Replace $c$ with $d$ in the figure. I'm trying to evaluate the integral
$\begin{equation}
\mathcal{I}=\int_{-d}^{d}\int_{-d}^{d}\exp\left(-ax^2-bxy-cy^2\right)dxdy
\end{equation}$
If I use polar coordinates transformation,
$x=r\cos x,$ $y=r\sin y,$ we have four double integrals to evaluate over the regions
$\begin{equation}
\theta\in [0,\frac{\pi}{4}], \theta\in (\frac{\pi}{4},\frac{\pi}{2}],…,\theta\in (\frac{7\pi}{4},2\pi].
\end{equation}$ Note that the the region in the second quadrant will yield the same result as the fourth quadrant region.

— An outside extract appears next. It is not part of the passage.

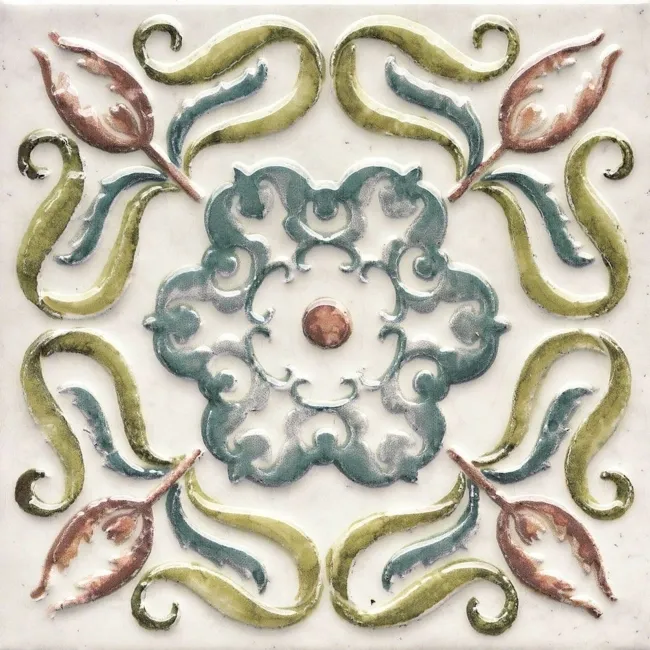 Lucy Flower Embossed Gloss Decor Wall Tiles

The integral setup for half of the first quadrant is
$\begin{equation}
\mathcal{I}_{1}=\int_{0}^{\frac{\pi}{4}}d\theta\int_{0}^{\frac{d}{\cos \theta}}r\exp\left(-ar^2\cos^2\theta-br^2\sin\theta\cos\theta-cr^2\sin^2\theta\right)dr
\end{equation}$
I would appreciate approximate analytical expressions
]
Best Answer
I do not know what polar coordinates would give since you did not show your results and attempts.

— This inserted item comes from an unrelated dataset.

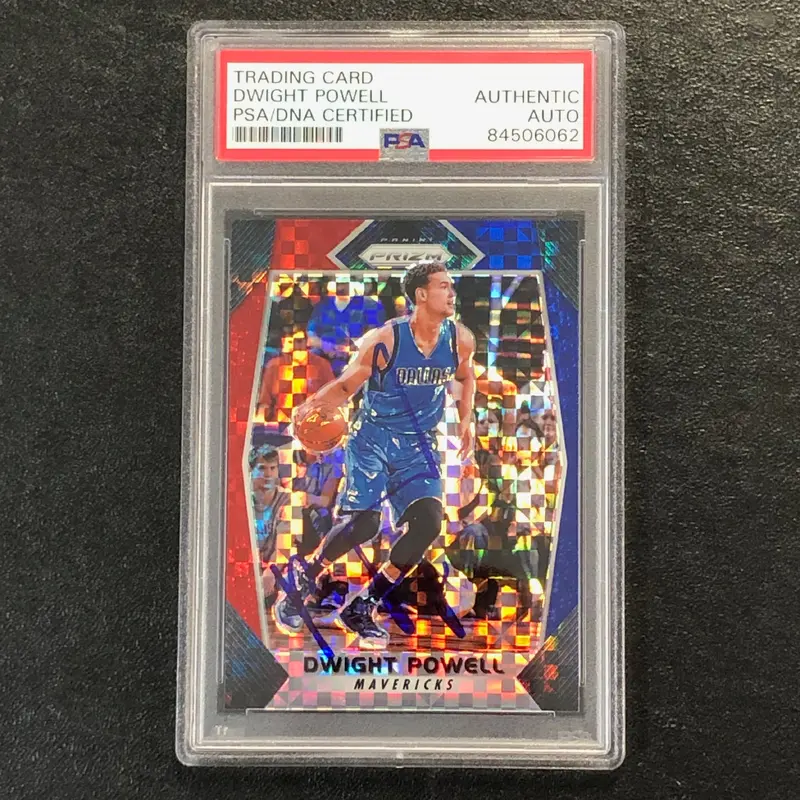 2017-18 PANINI PRIZM RED WHITE BLUE #92 Dwight Powell Card AUTO PSA Slabbed Mavericks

As it is, we can compute the inner integral (this is the gaussian integral) and face the problem of $$\frac{\sqrt{\pi }}{2 \sqrt{a}}\int_{-d}^{+d}e^{\frac{ \left(b^2-4 a c\right)}{4 a}y^2} \left(\text{erf}\left(\frac{2 a d-b y}{2 \sqrt{a}}\right)+\text{erf}\left(\frac{2 a d+b y}{2 \sqrt{a}}\right)\right)\,dy$$ which does not seem to be possible.